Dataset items
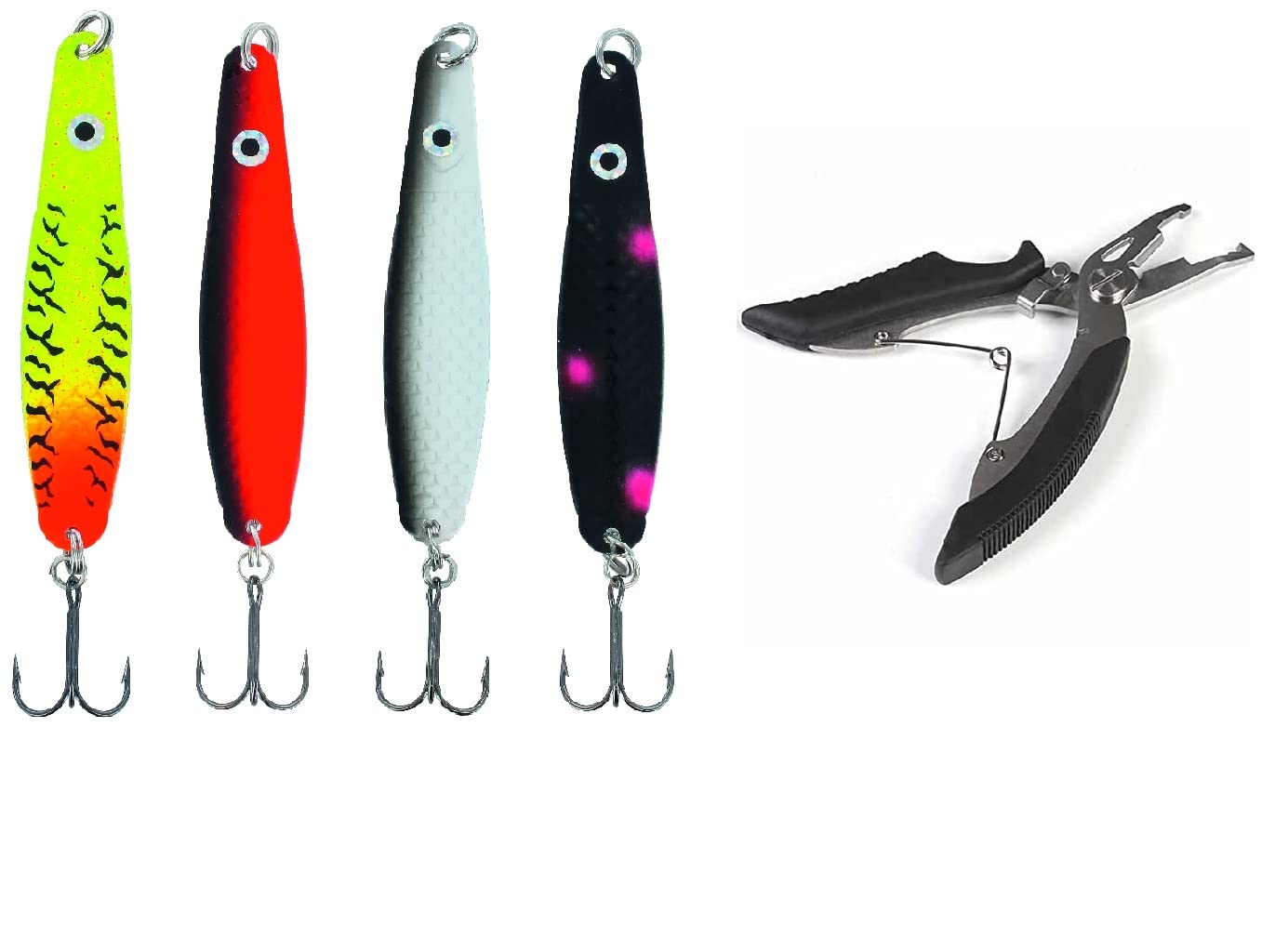Jenzi Sea Trout Blinkers Dega Jumper Set of 4 25g 8cm Lars Hansen + Free Fishing Shears, standard size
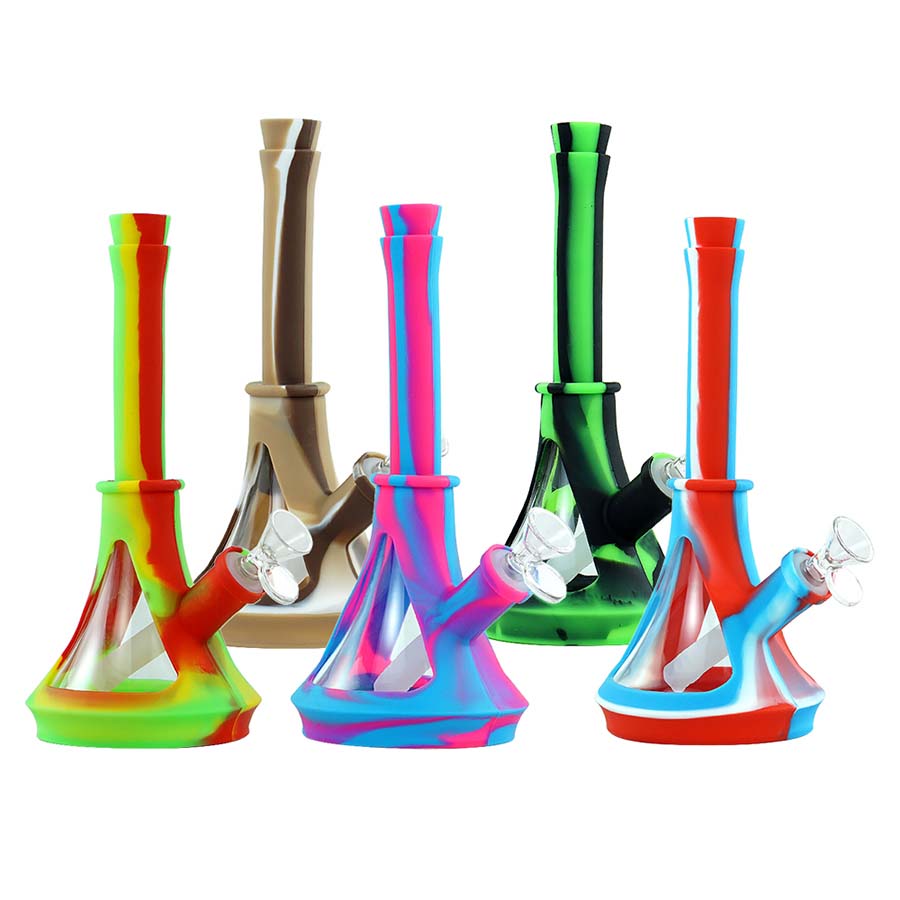 10" thick glass Bongs silicone water pipes big glass bongs tobacco Hookah dab rigs shisha beaker bongs heady silicone smoking pipe Portable
10" thick glass Bongs silicone water pipes big glass bongs tobacco Hookah dab rigs shisha beaker bongs heady silicone smoking pipe Portable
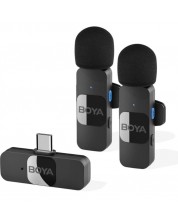 Безжична микрофонна система BOYA - BY-V20, USB-C, черна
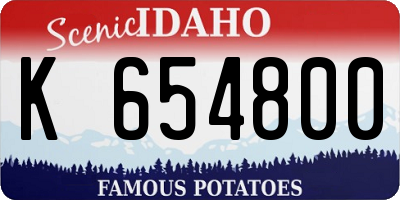 ID license plate K654800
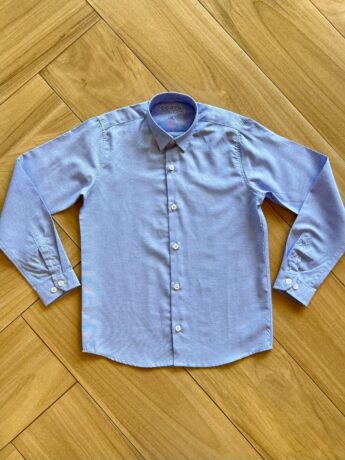 Camisa Infantil Masculina Manga Longa Essencial Azul Mesclada Fernanda Ramos Kids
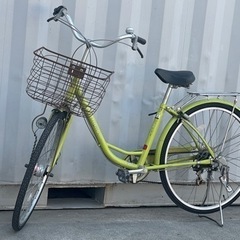 A192◇26型シティサイクル◇自転車◇オートライト◇6段ギア◇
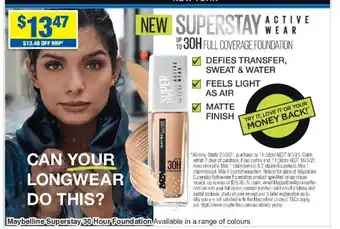 My Chemist Maybelline Superstay 30 Hour Foundation offer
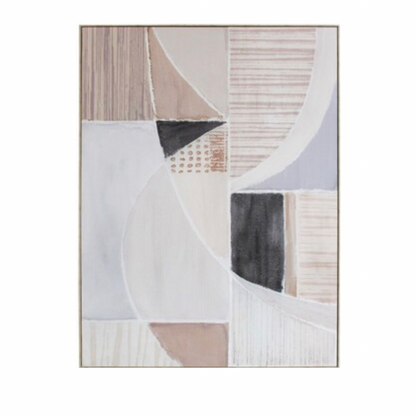 Abstract Framed Caramels Stretched Canvas - 90x120cm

> _EXERCISE PROMPT_
Repeat each line of the records exactly. Do not include the pictures.

> _COMPLETED EXERCISE_
Jenzi Sea Trout Blinkers Dega Jumper Set of 4 25g 8cm Lars Hansen + Free Fishing Shears, standard size
 10" thick glass Bongs silicone water pipes big glass bongs tobacco Hookah dab rigs shisha beaker bongs heady silicone smoking pipe Portable
10" thick glass Bongs silicone water pipes big glass bongs tobacco Hookah dab rigs shisha beaker bongs heady silicone smoking pipe Portable
 Безжична микрофонна система BOYA - BY-V20, USB-C, черна
 ID license plate K654800
 Camisa Infantil Masculina Manga Longa Essencial Azul Mesclada Fernanda Ramos Kids
 A192◇26型シティサイクル◇自転車◇オートライト◇6段ギア◇
 My Chemist Maybelline Superstay 30 Hour Foundation offer
 Abstract Framed Caramels Stretched Canvas - 90x120cm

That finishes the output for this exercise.